General na situação de reserva, nasceu em Alpalhão, concelho de Nisa, em 1958. Frequentou o Liceu Nacional de Portalegre até ao seu ingresso na Academia Militar em 1976. Nesta, foi o 1º classificado do seu curso, artilharia, tendo recebido diversos prémios, designadamente de língua inglesa e aptidão intelectual. Concluiu a licenciatura em Ciências Militares e mais tarde o mestrado. A sua formação inclui, ainda, a frequência de diversos cursos de promoção, qualificação e outros, quer em território nacional, quer no estrangeiro.

Na Academia Militar chegava a trocar tempos de lazer por estudos de programação, tendo realizado ainda o curso de paraquedismo civil, mergulho amador e iniciado a competição em provas de tiro desportivo com armas de calibre de guerra – veio a integrar a equipa de tiro do Exército e como tal atleta federado. Após o ingresso no quadro permanente, frequentou engenharia zootécnica na Universidade de Évora, não concluindo.

Ao longo da carreira desempenhou cargos e funções diversificadas, designadamente no âmbito operacional, ensino e formação e de estado-maior. Foi formador das Forças Armadas de Defesa de Moçambique em 1994 e, em Itália, Florença, serviu na Euroforça Operativa Rápida durante três anos.

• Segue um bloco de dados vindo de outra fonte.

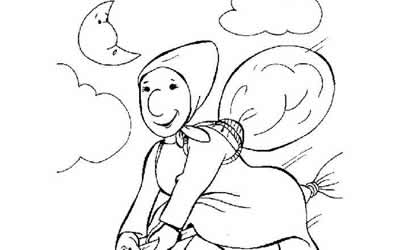 Immagini Befana da colorare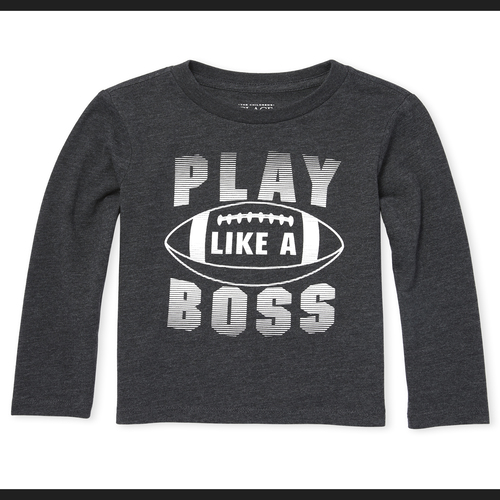

s Baby And Toddler Boys Football Graphic Tee - Black T-Shirt - The Children's Place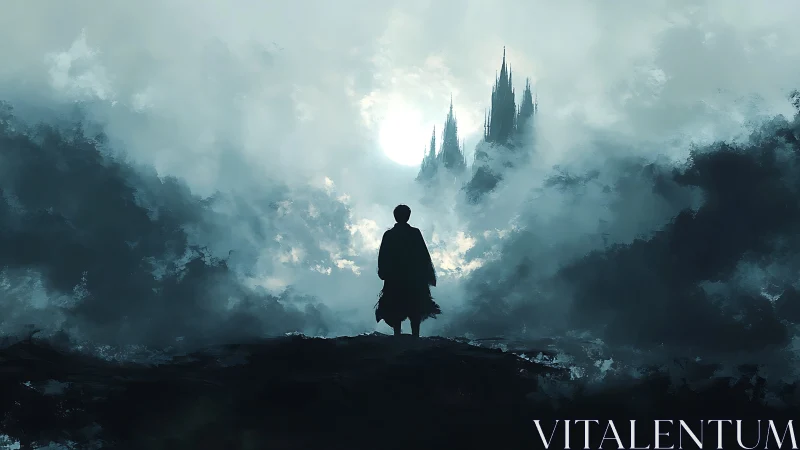 Lone figure facing distant castle in dense mountain fog.
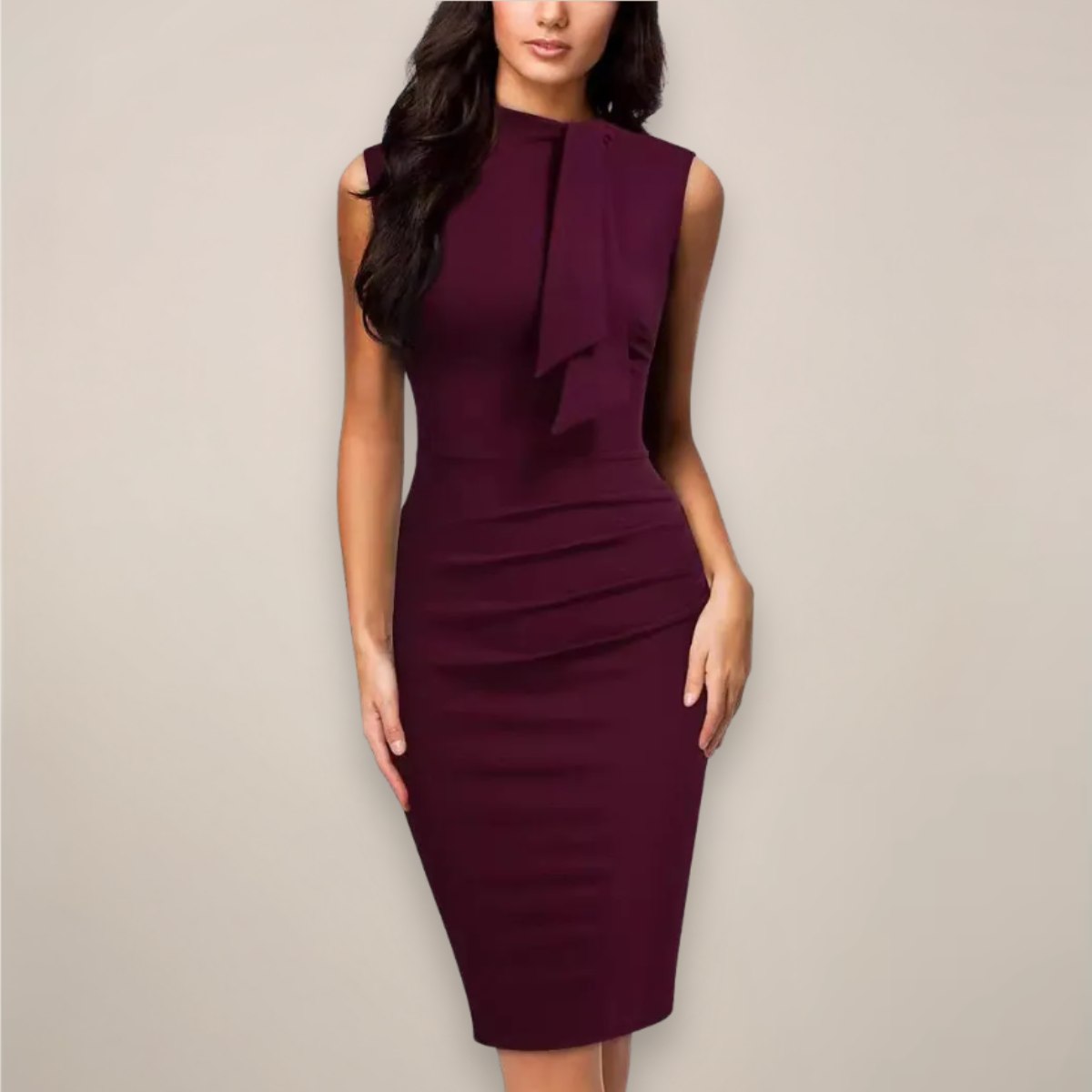 Robe Midi à Col V pour Femmes - Design Chic de Fourreau pour le Travail et les Événements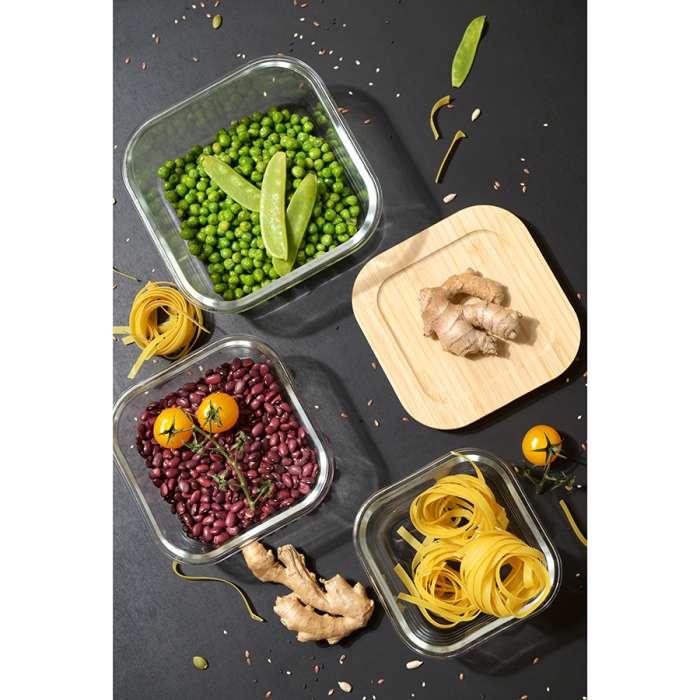 Контейнер для запекания и хранения с крышкой из бамбука, 520 мл SMART SOLUTIONS LBA520SQ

Foi colaborador assíduo da Revista de Artilharia, apoiou o levantamento do CEISDTAD, do qual é membro fundador sendo, ainda, membro honorário da Associação de Auditores de Defesa Nacional e da Associação de Pupilos do Exército. Assumiu o cargo de CEME no dia 15 de abril de 2016, depois de ter exercido o cargo de Inspetor-Geral do Exército. Da sua folha de serviços constam 23 louvores e inúmeras condecorações, nacionais e estrangeiras. Apresentou a demissão de CEME em 17 de outubro de 2018.



Desde major que conheceu por dentro as maiores alterações organizacionais que ocorreram no Exército depois de 1977. Assim, ao longo de três décadas trabalhou dossiês que o Comando do Exército entendia como necessários e que interpretava como relevantes para a sua modernização. Foi neste desempenho que foi verificando que os recursos que iam sendo disponibilizados obedeciam a uma lógica redutora, ciclo após ciclo governativo. É também esta temática que o livro procura ilustrar.

A evolução institucional teve rostos: os chefes de estado-maior do Exército. A ação destes é sumariamente analisada, dando uma ideia dos desafios que se colocavam à instituição e do diálogo estabelecido com o poder político. Ao longo do período em análise são também assinalados factos e omissões que permitem situar o leitor no contexto social, económico, político e militar existente, quer nacional, quer no âmbito das organizações internacionais relacionadas com a segurança e defesa que Portugal integrava.

Esta abordagem permite perceber, também, os fundamentos subjacentes à abertura de novos teatros de operações mas também o diálogo travado pelos chefes de estado-maior com o poder político no levantamento de capacidades militares. Com recurso às leis de programação militar e das infraestruturas militares, ferramentas estruturantes no processo de renovação de armamento e equipamento, bem como do dispositivo territorial, convida-se o leitor a conhecer melhor o Exército Português no período entre 1974 e 2019.